Baby Belle.
En ce qui me concerne, un nouveau film d’Hosoda est toujours un évènement, même si j’avais été un peu déçu par le précédent, Miraï. Au menu ici, un monde virtuel et les affres de l’adolescence. Pas de doute, nous sommes en terrain connu.
Suzu est une ado complexée et traumatisée par la mort accidentelle de sa mère musicienne. Elle contemple de l’extérieur la popularité de certaines nanas de son âge et ne parvient pas à renouer avec la musique, sa passion de toujours. Sur les conseils de son amie geek, elle s’inscrit sur U qui n’est pas un réseau de supermarchés mais un monde virtuel destiné à « libérer les uns et les autres de leurs inhibitions et à leur changer la vie ».

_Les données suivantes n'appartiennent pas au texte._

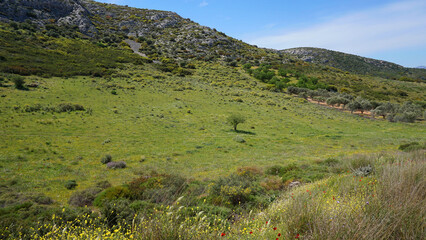 Fototapeta na wymiar Spring photo of Hamolia area in Porto Rafti, Mesogeia, Attica, Greece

Le métavers fait partie des préoccupations d’Hosoda depuis longtemps, depuis Digimon même, en 1999. Hosoda y voit ici encore le révélateur de l’âme et la matérialisation des combats intérieurs voire impossibles à l’extérieur. Dans ce monde, la force physique ne compte pas contrairement à la ruse et à l’exploitation des données. Du coup, les combats peuvent y être épiques à l’image de Summer Wars. Il y est aussi question d’identité secrète. Car si on s’invente une vie sur les réseaux, il est souvent préférable de cacher la réalité pour maintenir la magie. Ainsi, Suzu devient Belle, chanteuse qui s’exprime en direct devant des millions de spectateurs connectés. Belle a la confiance que Suzu n’a pas. Derrière le sourire de Belle, il y a bien sûr ses blessures. Un jour, pendant une de ses prestations, survient un être menaçant et intrigant, la bête. La bête menace l’ensemble du système virtuel et semble en colère. Qui se cache derrière cet avatar ? Et surtout, comment peut-on souffrir au point de détester tout le monde sur les réseaux ? Une question qu’on pourrait poser tous les jours ici et ailleurs. Derrière les histoires d’identité et d’amour, il y a aussi le dilemme de la construction de soi quand on est ado. On retrouve clairement la patte d’Hosoda qui interroge la filiation et la place qu’on laisse au jeune ou le fardeau qui lui fait porter. A l’écran, comme dans Summer Wars, la matérialisation du monde virtuel se fait par les images de synthèse par opposition à un dessin plus traditionnel pour représenter la réalité. On le sait, Hosoda aime le mélange des techniques et il l’a déjà montré dans Miraï. Cette fois, l’intégration est bien meilleure et beaucoup plus discrète, moins dérangeante donc. Ou alors on s’est habitué ? Bref, la réalité est de toute beauté, tant dans les détails du décor que dans l’éclairage subtil des scènes. Il faudra aimer les passages chantés mais j’avoue que ce n’est pas ma came et que parfois, j’ai trouvé ça tarte. La chanteuse Louane s’en sort très bien mais c’est un peu maniéré. Au final, je la trouve meilleure sur le doublage que sur le chant. On tient donc là un film efficace à la fois drôle, subtil et vif. Je regrette quand même le temps où Hosoda faisait dans plus de simplicité et quand il se concentrait sur la richesse des relations entre les personnages (oui, la reprise du conte n’était pas nécessaire de mon point de vue). En clair, c’est bon mais ce n’est pas au niveau des Enfants Loups ou du Garçon et la Bête.